I have a burning desire to succeed at trading and I was willing to sacrifice everything for it. Most of my hours, the bulk of my trading, was originally done during the European + U.S.A hours (5pm to about 7am) because Asia has no correlation, and is generally a piece of sh*t. 

*>* I still haven't seen, in 1.5 yrs, the Dax break the low and the Minis break the high aggressively. But it is a common occurrence to see, during Asia, where the Nikkei has a 2% up day, the spi is down 0.1%, Kospi is down 0.8%, and the Aussie bonds are up purely because of overnight Treasury/Bund follow through. It's absurd.

*>* Also, my vision was never to be a small, I want as much size as the biggest guy I know (he takes about 3 days to exit a position). I personally believe that over time, the algorithmic bots and black-box trading mechanisms will continue to wipe short-term edges out such that the only discretionary traders left are those who are able to beat institutions, not the bots. (You beat them by taking good risk/reward punts).

*>* But my type of thinking is my own personal gamble anyway. Some people don't agree with me, hence why they're happy doing 6-8 hour shifts trying to churn away as much size as that bid lets them whilst swinging their accounts up and down. The more outright and short-term you are, the more your pnl becomes a binary win/loss percentage. What I do is much more dynamic than this.

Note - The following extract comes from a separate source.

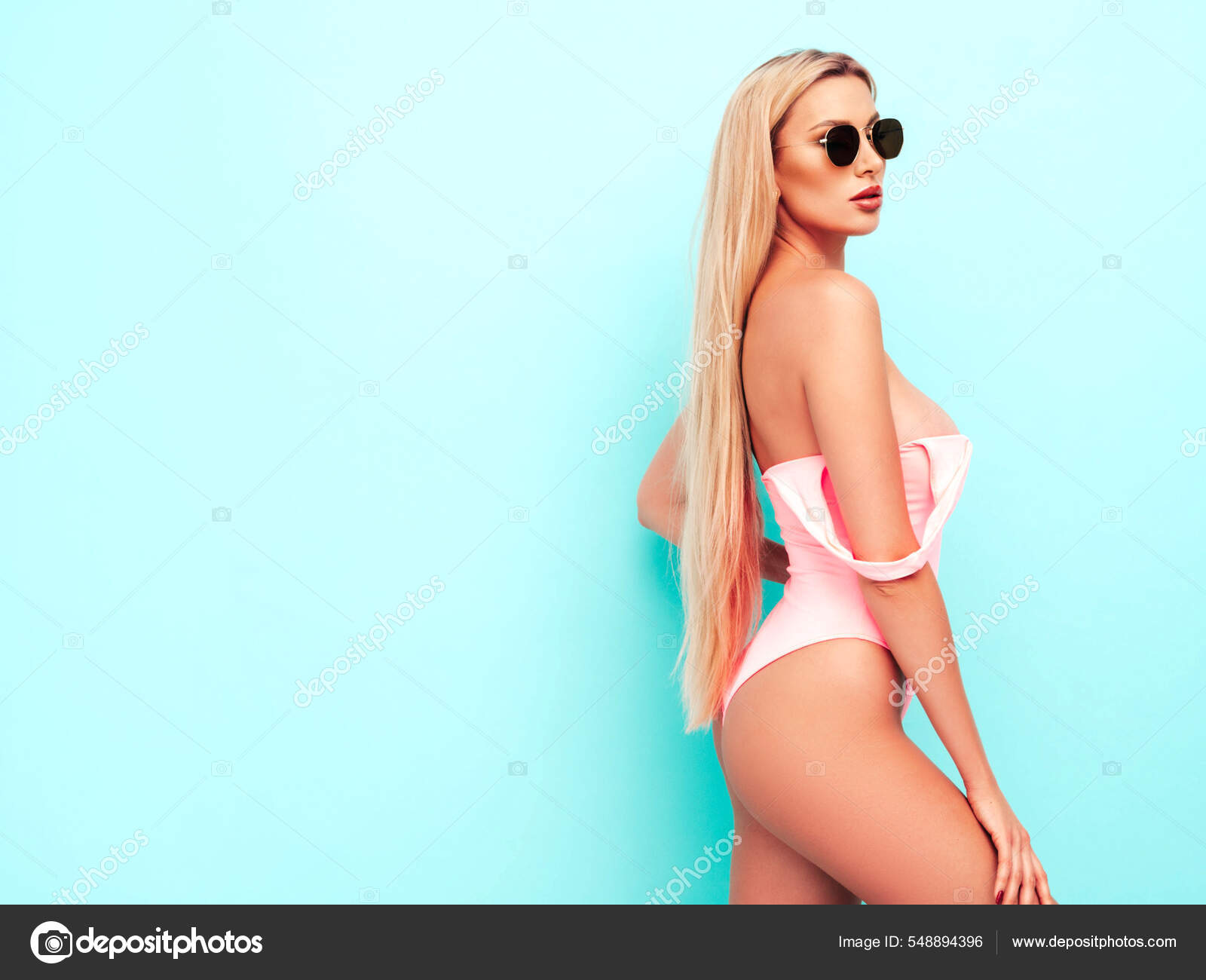 Foto de Portrait of young beautiful sexy woman with large breasts. Carefree  model wearing pure red lingerie. Hot tanned blonde posing near wall in  studio in summer swimwear bathing suit do Stock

*>* By the way, regarding sleep -- It's stupid I know. But I trade some products which are so slow to come back that you want to stay in the game for as long as possible to fight for your bread crumbs. This is what made me money at the start, so I had to do it. No-one tells you nice markets to trade. No-one comes up to you and recommends you nice niche markets that correlate well because bots haven't saturated it yet. 
*>* Everyone is a vulture. They don't want you to take their fill. It's a very selfish endeavour, but thats money making for you. They are all scared of losing their tiny money-making edge. 



kid hustlr said:


> Actually,
> 
> One final one.
> 
> Sounds like you are a spreads man but do you ever trade the big economic data outright (u/e cpi etc)  or are you just more concerned with managing your spread positions?




*>* Trading economic data used to have a LOT of money outright. I came right at the end of its golden period. There used to be orders left in books all around (Bonds and Equities alike). It used to be very easy to hit the number, with a fluid (but fast) movement up or down. But now, every market is basically a bot-based algorithmic function of high-speed correlation to data feeds (usually based on currencies). And no-one leavers orders in anymore. Everyone is much smarter

*>* The type of data trading conducted now is what I consider, dangerous and gambling. Most people I know who trade it ONLY use currency correlation (because banks/hedge funds use the quick data feed and process it with their bots instantaneously). You literally bring up a currency, if it goes up or down right as it hits the data-release time then you hit market and pray. This is going in blind. You aren't even assessing the number.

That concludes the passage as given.